The amount that the home can take from your bond each month is agreed with you when you enter the home. However, the government sets the maximum retention amount that the home can charge and keep. The home also keeps the interest received on the bond.

Current and previous maximum retention rates can be found on the Department of Health and Ageing website.

What is a 'big accommodation bond'?

A 'big bond' is more than 10 times the basic single age pension, currently $137 500 (as at 20 March 2008). If you agree to pay a big bond, you can also be asked to pay the higher, non-pensioner rate of the basic daily care fee, even if you are pensioner. For an aged care home to charge the higher non-pensioner basic daily care fee (more information), the rate must be included in the accommodation agreement.

When do I need to pay an accommodation bond?
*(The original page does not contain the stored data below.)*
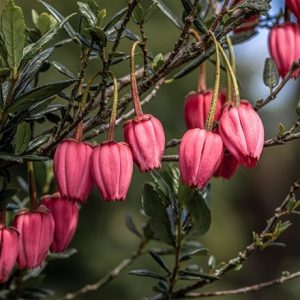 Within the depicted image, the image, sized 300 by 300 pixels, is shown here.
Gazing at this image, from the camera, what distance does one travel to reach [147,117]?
3.25 ft

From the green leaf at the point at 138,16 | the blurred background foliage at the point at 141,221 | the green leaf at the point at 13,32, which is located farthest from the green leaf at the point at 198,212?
the blurred background foliage at the point at 141,221

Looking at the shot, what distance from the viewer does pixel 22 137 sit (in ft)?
3.13

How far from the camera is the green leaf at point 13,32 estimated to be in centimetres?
85

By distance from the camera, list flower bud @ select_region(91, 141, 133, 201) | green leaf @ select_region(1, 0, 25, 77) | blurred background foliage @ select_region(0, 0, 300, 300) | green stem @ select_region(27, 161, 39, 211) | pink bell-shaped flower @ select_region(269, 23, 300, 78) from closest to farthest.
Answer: green leaf @ select_region(1, 0, 25, 77) → flower bud @ select_region(91, 141, 133, 201) → green stem @ select_region(27, 161, 39, 211) → pink bell-shaped flower @ select_region(269, 23, 300, 78) → blurred background foliage @ select_region(0, 0, 300, 300)

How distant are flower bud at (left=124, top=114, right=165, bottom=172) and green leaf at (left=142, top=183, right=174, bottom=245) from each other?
18 centimetres

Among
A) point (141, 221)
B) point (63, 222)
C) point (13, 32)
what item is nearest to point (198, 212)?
point (63, 222)

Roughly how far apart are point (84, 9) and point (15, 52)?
125 mm

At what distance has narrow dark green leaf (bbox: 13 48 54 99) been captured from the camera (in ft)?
3.15

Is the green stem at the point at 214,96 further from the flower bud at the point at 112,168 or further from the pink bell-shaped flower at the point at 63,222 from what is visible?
the pink bell-shaped flower at the point at 63,222

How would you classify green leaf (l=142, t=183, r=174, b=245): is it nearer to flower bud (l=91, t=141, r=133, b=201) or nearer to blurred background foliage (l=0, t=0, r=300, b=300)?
flower bud (l=91, t=141, r=133, b=201)

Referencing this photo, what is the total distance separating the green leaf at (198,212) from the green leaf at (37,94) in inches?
12.4

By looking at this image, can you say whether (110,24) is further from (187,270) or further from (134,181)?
(134,181)

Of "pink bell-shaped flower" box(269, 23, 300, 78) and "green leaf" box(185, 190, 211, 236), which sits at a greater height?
"pink bell-shaped flower" box(269, 23, 300, 78)

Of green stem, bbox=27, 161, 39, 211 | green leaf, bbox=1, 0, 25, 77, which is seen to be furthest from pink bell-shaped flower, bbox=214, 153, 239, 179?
green leaf, bbox=1, 0, 25, 77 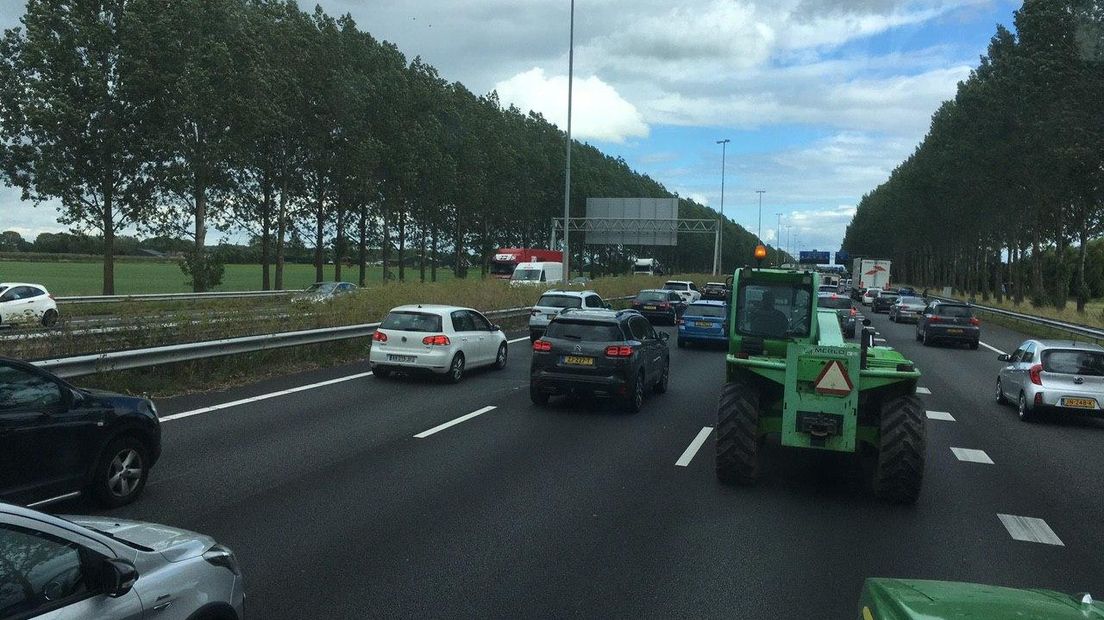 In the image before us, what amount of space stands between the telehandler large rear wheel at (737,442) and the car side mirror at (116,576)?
6.44 m

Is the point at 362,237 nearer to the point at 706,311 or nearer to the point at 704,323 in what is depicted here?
the point at 706,311

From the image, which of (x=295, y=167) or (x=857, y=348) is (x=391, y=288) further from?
(x=295, y=167)

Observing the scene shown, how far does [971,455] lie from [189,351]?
39.8 feet

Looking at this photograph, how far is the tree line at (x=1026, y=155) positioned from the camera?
3186 centimetres

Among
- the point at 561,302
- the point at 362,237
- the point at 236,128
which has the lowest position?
the point at 561,302

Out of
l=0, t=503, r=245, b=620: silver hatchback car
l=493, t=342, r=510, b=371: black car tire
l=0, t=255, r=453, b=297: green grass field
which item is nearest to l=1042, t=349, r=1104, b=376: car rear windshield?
l=493, t=342, r=510, b=371: black car tire

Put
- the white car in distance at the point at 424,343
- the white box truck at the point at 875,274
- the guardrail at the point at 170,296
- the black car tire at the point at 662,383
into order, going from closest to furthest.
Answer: the black car tire at the point at 662,383, the white car in distance at the point at 424,343, the guardrail at the point at 170,296, the white box truck at the point at 875,274

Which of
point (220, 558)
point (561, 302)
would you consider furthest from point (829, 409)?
point (561, 302)

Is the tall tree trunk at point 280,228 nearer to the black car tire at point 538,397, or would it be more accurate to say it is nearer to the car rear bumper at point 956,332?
the car rear bumper at point 956,332

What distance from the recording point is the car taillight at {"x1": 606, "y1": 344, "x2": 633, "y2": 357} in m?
13.6

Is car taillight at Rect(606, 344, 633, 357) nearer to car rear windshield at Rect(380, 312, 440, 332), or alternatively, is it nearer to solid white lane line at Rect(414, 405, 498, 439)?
solid white lane line at Rect(414, 405, 498, 439)

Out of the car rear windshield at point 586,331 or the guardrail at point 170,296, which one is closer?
the car rear windshield at point 586,331

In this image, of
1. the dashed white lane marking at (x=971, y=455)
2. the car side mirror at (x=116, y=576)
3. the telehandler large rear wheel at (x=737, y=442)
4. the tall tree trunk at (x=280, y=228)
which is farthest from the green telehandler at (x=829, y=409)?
the tall tree trunk at (x=280, y=228)

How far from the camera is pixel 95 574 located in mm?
3201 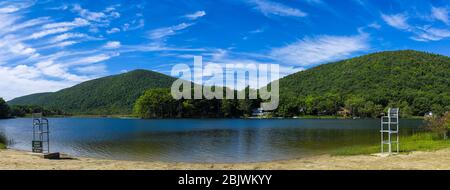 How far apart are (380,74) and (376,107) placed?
38.1m

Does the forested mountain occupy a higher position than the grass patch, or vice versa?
the forested mountain

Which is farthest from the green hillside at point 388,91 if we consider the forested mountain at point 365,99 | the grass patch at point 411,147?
the grass patch at point 411,147

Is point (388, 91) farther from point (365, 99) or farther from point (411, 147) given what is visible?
point (411, 147)

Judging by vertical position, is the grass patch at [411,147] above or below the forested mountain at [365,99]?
below

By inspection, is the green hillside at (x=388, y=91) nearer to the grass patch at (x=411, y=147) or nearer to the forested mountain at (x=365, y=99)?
the forested mountain at (x=365, y=99)

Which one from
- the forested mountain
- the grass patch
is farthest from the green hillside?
the grass patch

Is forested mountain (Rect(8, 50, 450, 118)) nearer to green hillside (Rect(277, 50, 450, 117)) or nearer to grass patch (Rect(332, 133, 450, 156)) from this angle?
green hillside (Rect(277, 50, 450, 117))

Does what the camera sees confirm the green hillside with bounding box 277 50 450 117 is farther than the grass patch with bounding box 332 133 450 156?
Yes

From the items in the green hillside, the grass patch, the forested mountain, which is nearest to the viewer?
the grass patch

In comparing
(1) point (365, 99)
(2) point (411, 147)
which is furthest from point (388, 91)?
(2) point (411, 147)

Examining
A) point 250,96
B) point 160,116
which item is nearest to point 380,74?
point 250,96

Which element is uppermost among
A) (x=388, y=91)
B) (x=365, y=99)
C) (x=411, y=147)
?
(x=388, y=91) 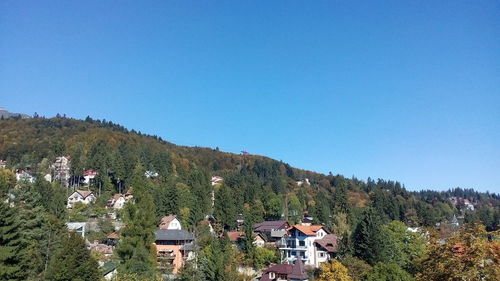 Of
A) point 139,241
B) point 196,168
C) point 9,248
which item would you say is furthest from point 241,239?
point 196,168

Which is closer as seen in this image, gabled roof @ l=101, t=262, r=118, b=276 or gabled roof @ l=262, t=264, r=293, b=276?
gabled roof @ l=101, t=262, r=118, b=276

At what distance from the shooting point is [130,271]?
102 feet

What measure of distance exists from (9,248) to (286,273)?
1111 inches

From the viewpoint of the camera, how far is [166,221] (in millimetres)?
64250

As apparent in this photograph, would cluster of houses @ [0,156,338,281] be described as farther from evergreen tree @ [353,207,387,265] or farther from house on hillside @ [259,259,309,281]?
evergreen tree @ [353,207,387,265]

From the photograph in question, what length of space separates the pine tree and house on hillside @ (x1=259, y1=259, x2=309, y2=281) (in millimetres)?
25919

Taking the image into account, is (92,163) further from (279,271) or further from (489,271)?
(489,271)

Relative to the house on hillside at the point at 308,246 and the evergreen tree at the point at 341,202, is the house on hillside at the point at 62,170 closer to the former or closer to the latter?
the house on hillside at the point at 308,246

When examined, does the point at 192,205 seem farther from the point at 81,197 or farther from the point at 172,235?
the point at 81,197

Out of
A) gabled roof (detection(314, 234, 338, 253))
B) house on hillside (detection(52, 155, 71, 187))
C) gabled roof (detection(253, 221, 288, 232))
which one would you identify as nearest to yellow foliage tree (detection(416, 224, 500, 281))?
gabled roof (detection(314, 234, 338, 253))

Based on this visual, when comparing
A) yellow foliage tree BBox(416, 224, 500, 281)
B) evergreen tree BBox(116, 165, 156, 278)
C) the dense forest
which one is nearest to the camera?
yellow foliage tree BBox(416, 224, 500, 281)

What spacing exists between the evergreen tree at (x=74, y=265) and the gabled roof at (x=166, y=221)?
37863 millimetres

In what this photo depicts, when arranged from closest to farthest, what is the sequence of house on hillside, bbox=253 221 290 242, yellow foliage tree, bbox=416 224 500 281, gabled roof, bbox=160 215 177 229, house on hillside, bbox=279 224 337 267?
1. yellow foliage tree, bbox=416 224 500 281
2. house on hillside, bbox=279 224 337 267
3. house on hillside, bbox=253 221 290 242
4. gabled roof, bbox=160 215 177 229

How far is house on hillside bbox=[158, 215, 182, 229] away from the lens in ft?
207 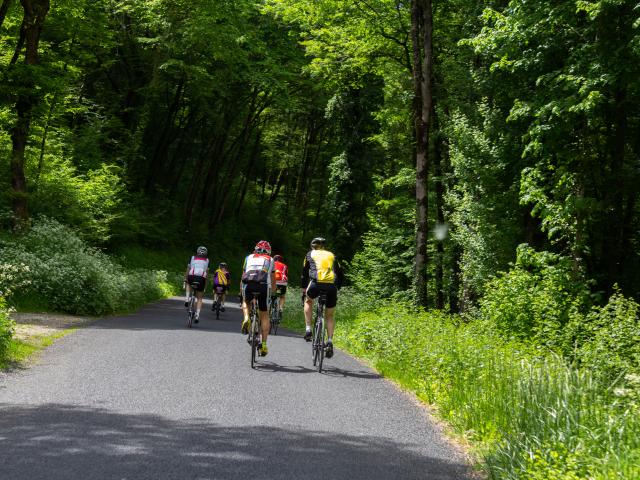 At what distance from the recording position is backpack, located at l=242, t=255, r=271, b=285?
11844 millimetres

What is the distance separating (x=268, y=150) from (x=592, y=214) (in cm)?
4036

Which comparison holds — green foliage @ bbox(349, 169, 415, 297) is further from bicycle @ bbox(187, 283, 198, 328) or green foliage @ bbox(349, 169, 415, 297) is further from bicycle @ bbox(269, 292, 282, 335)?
bicycle @ bbox(187, 283, 198, 328)

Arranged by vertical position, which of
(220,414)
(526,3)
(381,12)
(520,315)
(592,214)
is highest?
(381,12)

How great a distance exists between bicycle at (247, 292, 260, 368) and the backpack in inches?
9.5

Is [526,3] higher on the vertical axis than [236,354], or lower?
higher

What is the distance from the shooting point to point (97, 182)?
31.0m

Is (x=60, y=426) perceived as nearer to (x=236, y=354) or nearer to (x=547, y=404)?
(x=547, y=404)

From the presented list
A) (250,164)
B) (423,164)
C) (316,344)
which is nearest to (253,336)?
(316,344)

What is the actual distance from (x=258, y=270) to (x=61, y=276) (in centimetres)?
937

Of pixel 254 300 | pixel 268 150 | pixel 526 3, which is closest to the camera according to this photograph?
pixel 254 300

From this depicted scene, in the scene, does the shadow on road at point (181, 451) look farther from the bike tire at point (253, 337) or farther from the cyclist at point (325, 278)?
the cyclist at point (325, 278)

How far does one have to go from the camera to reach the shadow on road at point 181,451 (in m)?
5.51

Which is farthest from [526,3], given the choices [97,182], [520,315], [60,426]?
[97,182]

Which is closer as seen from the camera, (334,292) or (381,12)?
(334,292) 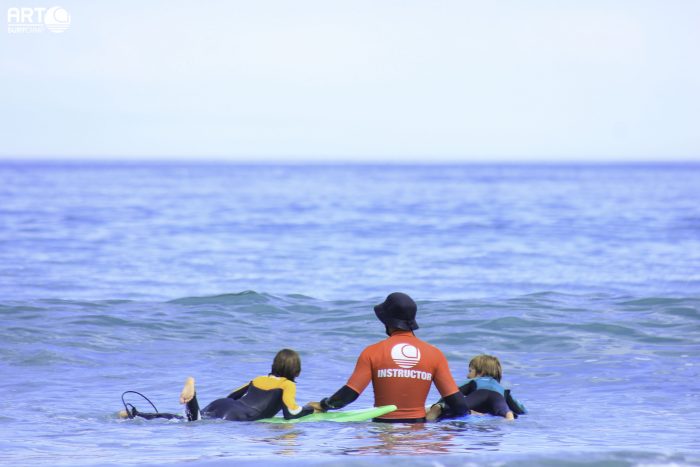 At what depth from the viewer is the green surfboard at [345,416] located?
9094 millimetres

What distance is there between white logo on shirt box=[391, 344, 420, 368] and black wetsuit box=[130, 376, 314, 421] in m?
1.18

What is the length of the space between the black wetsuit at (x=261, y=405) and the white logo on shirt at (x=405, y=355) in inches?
46.6

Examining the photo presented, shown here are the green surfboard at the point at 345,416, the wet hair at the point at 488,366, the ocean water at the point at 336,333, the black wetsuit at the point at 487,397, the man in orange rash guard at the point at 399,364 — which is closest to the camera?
the ocean water at the point at 336,333

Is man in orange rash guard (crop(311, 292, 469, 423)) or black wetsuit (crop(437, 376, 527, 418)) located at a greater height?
man in orange rash guard (crop(311, 292, 469, 423))

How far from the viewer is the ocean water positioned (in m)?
8.63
After moving into low-level care, you have up to six months to pay your accommodation bond if you choose to pay as a lump sum.
You should agree on the amount of your accommodation bond when you move in. Remember, interest can be charged on that amount from the time you enter the home until it is fully paid.
If you are provided with care for two months or less, the aged care home can hold on to up to three months of retention amounts.

What happens when I leave the home?

When you leave, your accommodation bond (less allowable monthly retention amounts (more information) that have been deducted) should be refunded within 14 days. If the provider does not refund your bond on the day you leave the home, they must pay you interest on the amount refundable until they repay it in full.

What are my rights?

You cannot be asked to pay an accommodation bond unless you have entered an agreement setting out your rights and responsibilities. You have up to 21 days after entering a home before you need to enter such an agreement.

You can only agree to pay an accommodation bond when you enter the home, and you cannot be asked to pay more than you originally agreed to, even if your circumstances change.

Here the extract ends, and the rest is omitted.